▶ Exercise:
Transcribe the entries exactly. Start at the top, stop after the line with "Toyota Crown, 2013 7", and omit every picture.

▶ Extracted data:
Start of Block

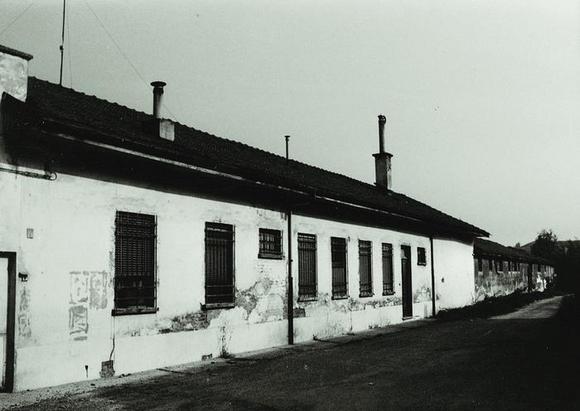 1966 Lato ingresso principale: casa del custode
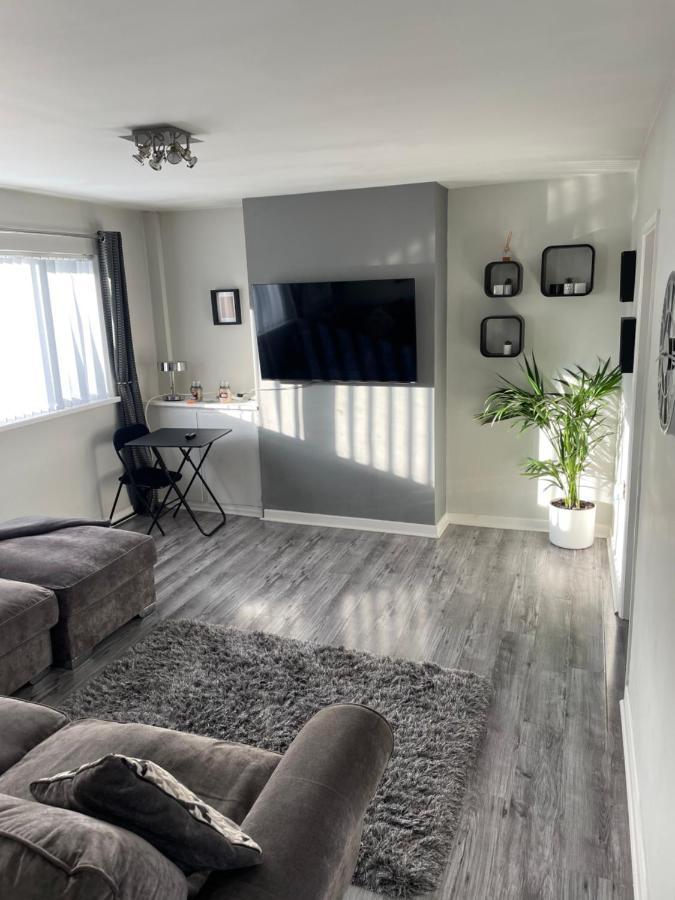 Fantastic Full 3 Bedroom Modern Apartment Belfast Exterior photo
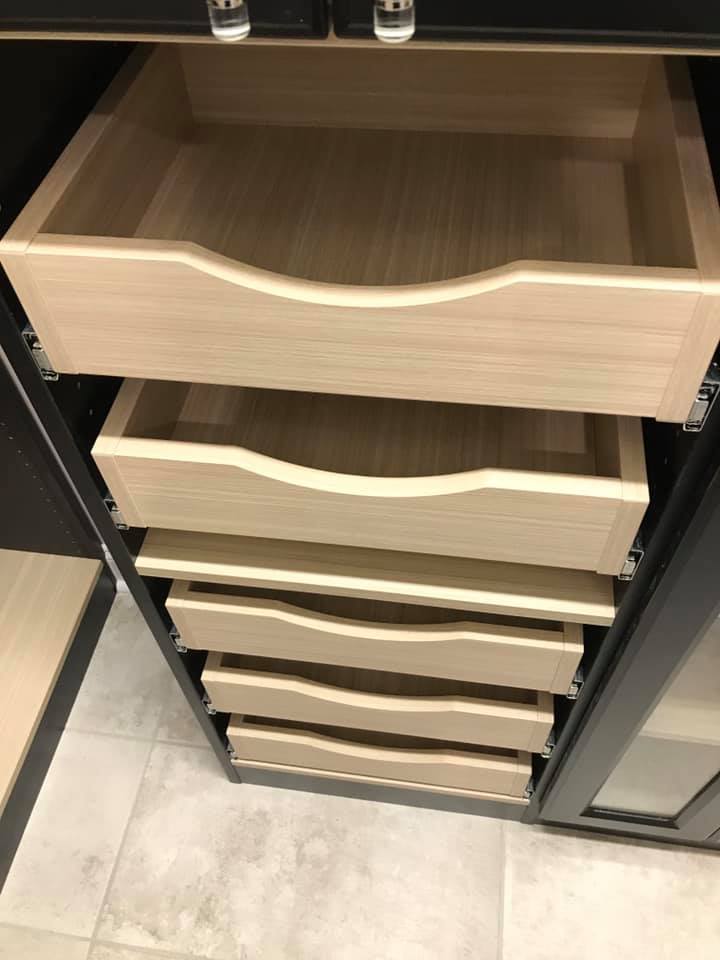 A side cubby of five open-faced pullout drawers.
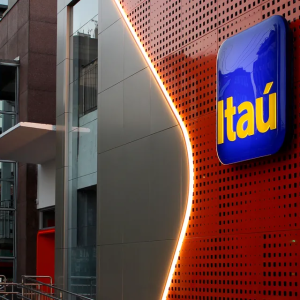 Demissões no Itaú: trabalhador pode ser monitorado em home office? Qual o limite? Veja o que diz a lei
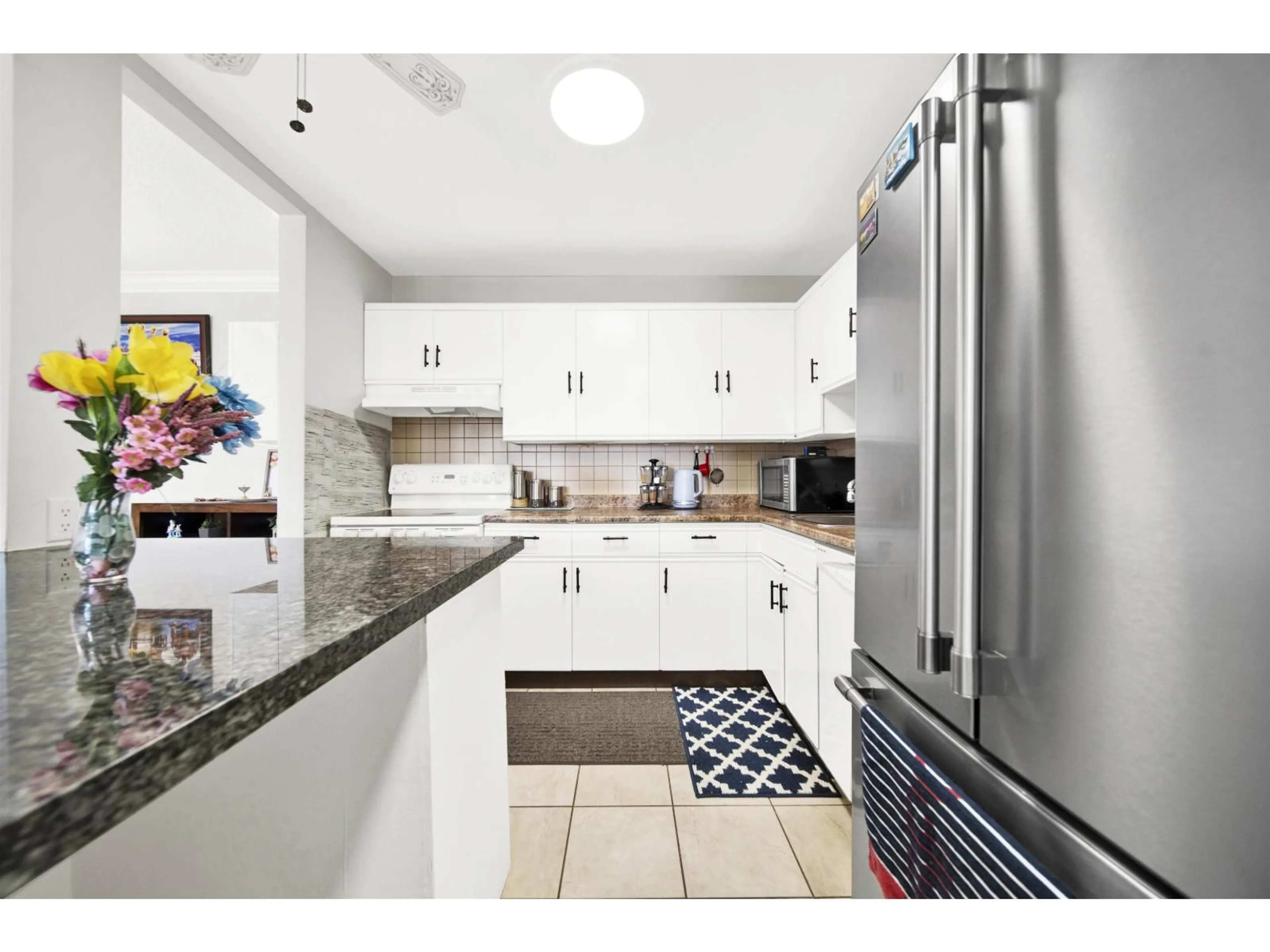 Standard kitchen, ceramic/tile floor for 209 - 1830 SOUTHMERE EAST, Surrey British Columbia V4A9C2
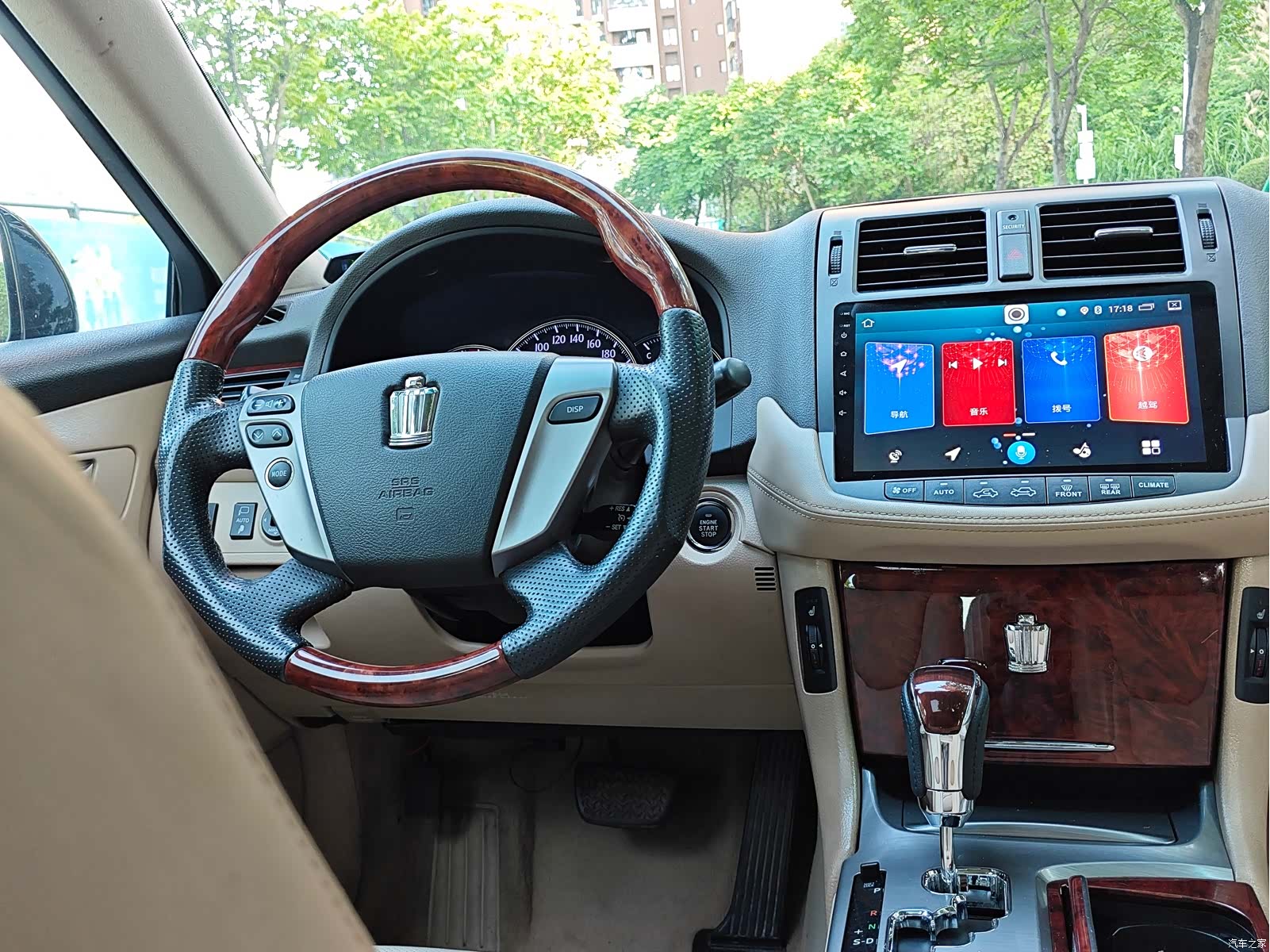 Toyota Crown, 2013 7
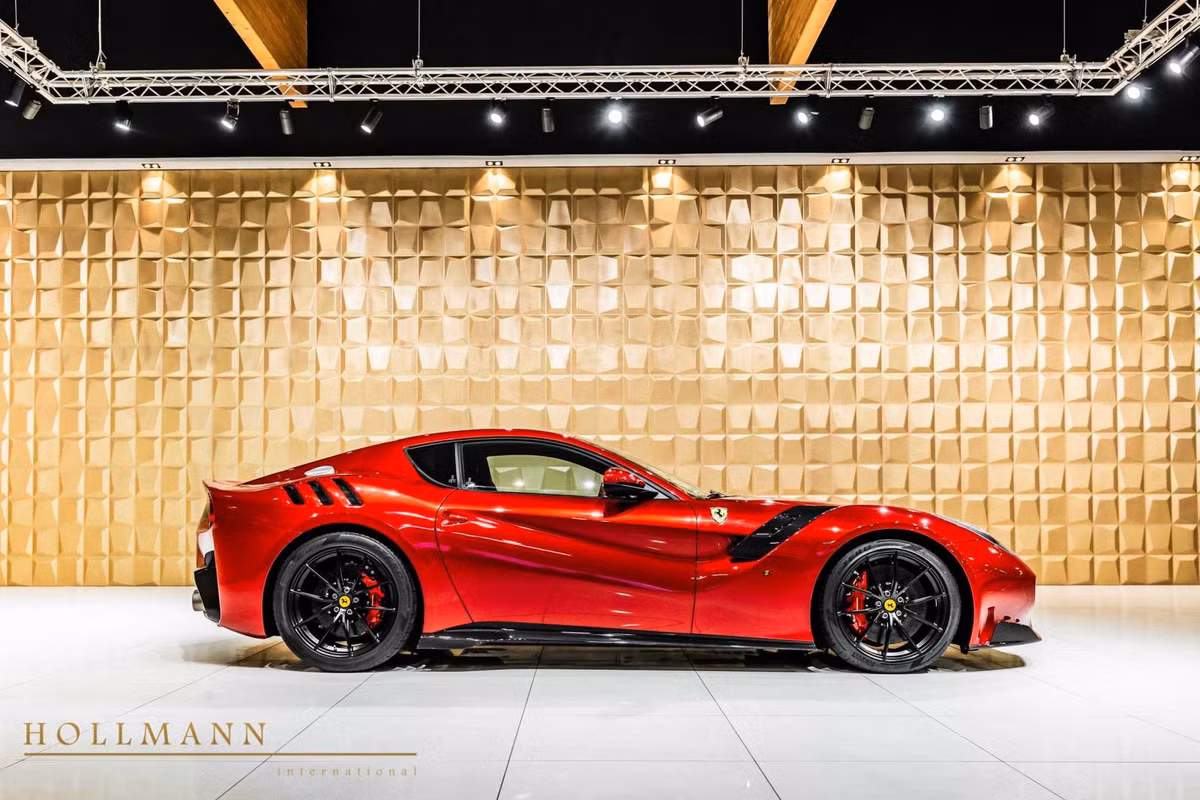 Trong số này, siêu xe Ferrari F12tdf đã qua sử dụng luôn lập ra những giá bán ấn tượng từ 820.000 đô la cho đến 1,5 triệu đô la. Khi ra mắt vào năm 2015, Ferrari F12tdf chỉ có giá khởi điểm 350.000 đô la. Rõ ràng những chiếc siêu xe bản giới hạn của Ferrari luôn đem lại lợi nhuận khổng lồ cho chủ nhân sở hữu.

End of Block

▶ Your solution:
 1966 Lato ingresso principale: casa del custode
 Fantastic Full 3 Bedroom Modern Apartment Belfast Exterior photo
 A side cubby of five open-faced pullout drawers.
 Demissões no Itaú: trabalhador pode ser monitorado em home office? Qual o limite? Veja o que diz a lei
 Standard kitchen, ceramic/tile floor for 209 - 1830 SOUTHMERE EAST, Surrey British Columbia V4A9C2
 Toyota Crown, 2013 7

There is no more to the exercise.